- Nearly $20 billion in funding flowed into biotech companies developing cell-, gene- and tissue-based therapies last year, widely eclipsing the total invested in 2019 and ending up 50% higher than the previous record of $13.5 billion set in 2018.
- The numbers, compiled by the industry association Alliance for Regenerative Medicine in a report published Tuesday, reflect a fast-expanding sector that's drawing increased attention from venture capital backers, public company investors and large pharmaceutical companies.
- More than $5.5 billion of last year's investments came via venture capital financing for startups in the space, most notably the $700 million raised by cell therapy developer Sana Biotechnology ahead of its initial public offering last month. Nearly $10 billion came via IPOs and secondary stock offerings, and another $3 billion through upfront payments in partnerships and collaboration deals.
Biotech as a whole had a strong year in 2020. The Nasdaq Biotechnology index, which tracks the industry's stock market performance, rose by nearly 25%, recovering from a spring slump as COVID-19 became a pandemic to regain ground strongly.
Cell and gene therapy companies did even better, according to ARM, which calculated in its report stock performance that surpassed the broader NBI index.
The regenerative medicine sector, which includes tissue-based treatments as well as cell- and gene-based medicines, got larger, too. ARM counted roughly 1,100 developers worldwide, up about 100 from 2019.
"The future is now," said Janet Lambert, ARM's CEO, in an interview. "It's not like we're waiting for there to be a big and meaningful cell and gene therapy sector. There is a big and meaningful cell and gene therapy sector."
Recently, however, some of the most advanced companies have run into regulatory roadblocks or revealed disappointing study results. Cancer cases reported in trials of two closely followed gene therapies have renewed safety concerns, even if it appears the experimental treatments have not played a causative role.
Setbacks are to be expected amid the sector's fast growth, said Lambert, who noted the roughly 150 late-stage studies now ongoing. Many of those programs likely won't succeed, given the usual rates of clinical trial failure in biotech.
Unlike in the past, however, the pipeline of cell and gene therapies is so broad, and the number of companies involved so high, that setbacks for any one program are less likely to slow the entire sector than in past decades. And while the Food and Drug Administration has not cleared any new gene therapies since landmark approvals for Roche's inherited blindness treatment Luxturna and Novartis's spinal muscular atrophy therapy Zolgensma, the agency recently OK'd new CAR-T cell therapies for types of lymphoma.

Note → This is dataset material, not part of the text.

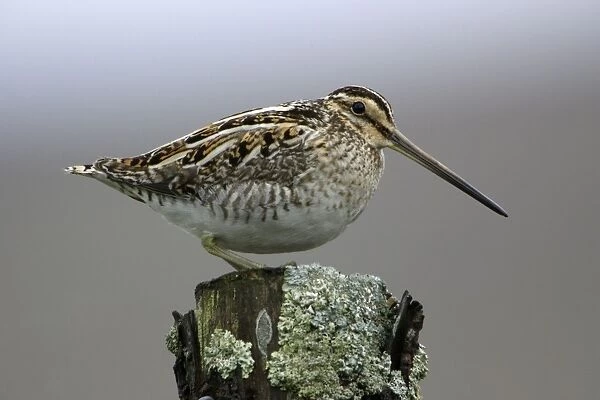 Snipe - Adult perched on fence post Northumberland, England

Across Europe, the U.S. and China, regulators are expected to decide on approvals for eight regenerative medicine therapies this year, according to ARM. In the U.S., cancer cell therapies from Bristol Myers Squibb and Johnson & Johnson could reach market, as well as a tissue-based treatment from Mallinckrodt for severe burns.

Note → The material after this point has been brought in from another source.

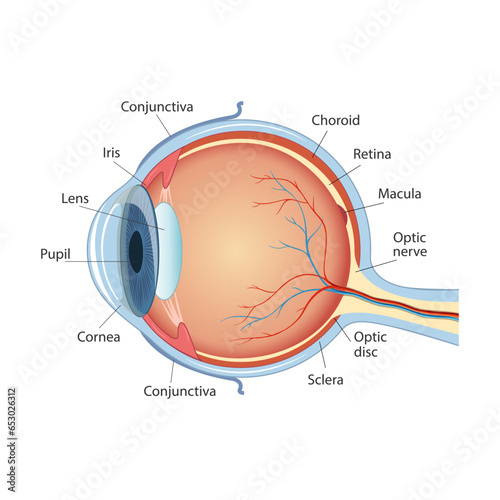 Anatomical diagram of the human eye. Cross section of a sense organ with all the important components such as the lens, pupil, eye chamber, retina, optic nerve, and iris skin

Developers and regulators are also learning quickly, particularly in areas like manufacturing and quality control.
"One of the important things we need to work on is how best to regulate the [chemistry, manufacturing and control] aspects of cell and gene therapy," said Lambert.
"It's clearly a place we've struggled," she added, noting recent disagreements between the FDA and developers over CMC issues like testing assays.
ARM members are hoping to have more conversations with the agency earlier, Lambert said, although the FDA division in charge of cell and gene therapies has been stretched thin. In comments to the agency, ARM has advocated for the division to receive more resources and staff in renegotiations for the next FDA user fee agreement that will start in 2023.